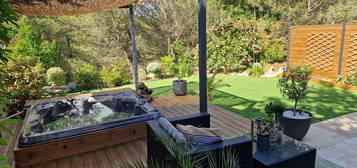 Maison de Charme Rénovée à Louer sur le Domaine et golf de Pont Royal avec Jardin, Terrasse et Jacuzzi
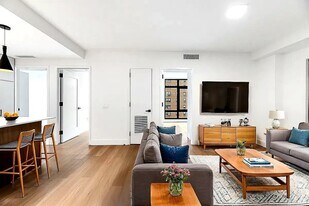 63 Pitt St in New York, NY - Building Photo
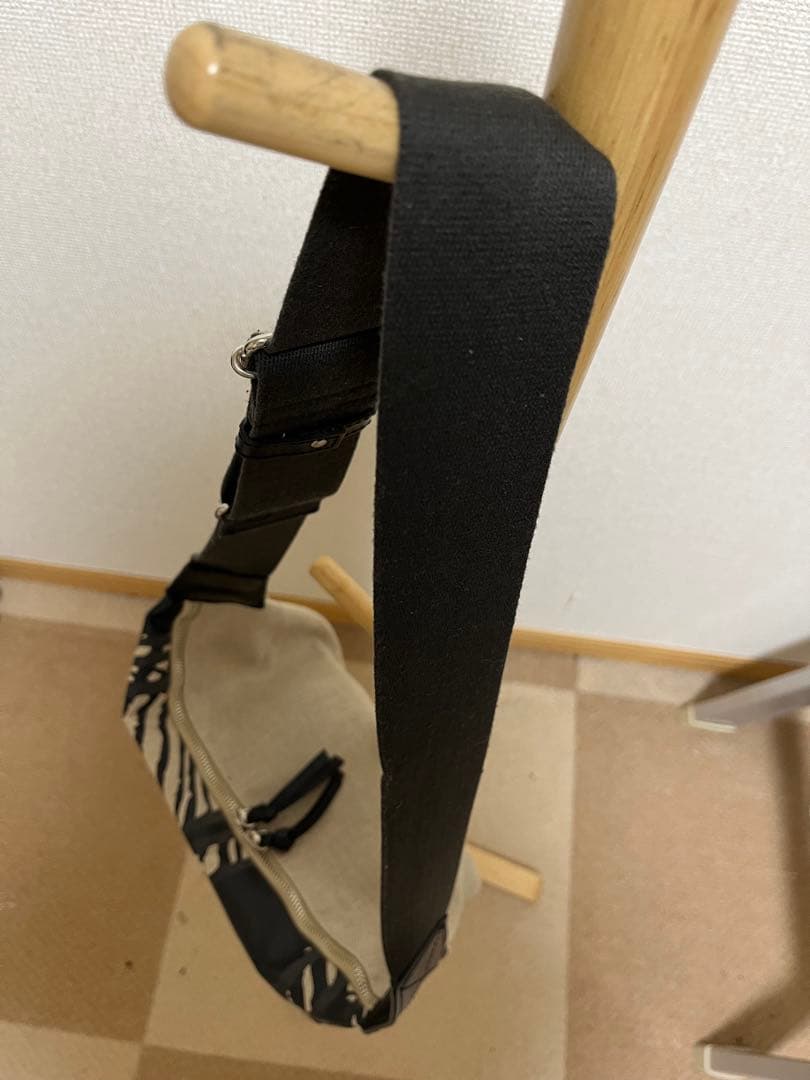 [最終値下げ！] ヴィヴィアンウエストウッド　ボディバッグ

◆ EXERCISE DESCRIPTION ◆
Output a verbatim copy of the lines from the line containing "63 Pitt St in New York, NY - Building Photo" through the end of the data, both included, without any images.

◆ EXERCISE RESPONSE ◆
 63 Pitt St in New York, NY - Building Photo
 [最終値下げ！] ヴィヴィアンウエストウッド　ボディバッグ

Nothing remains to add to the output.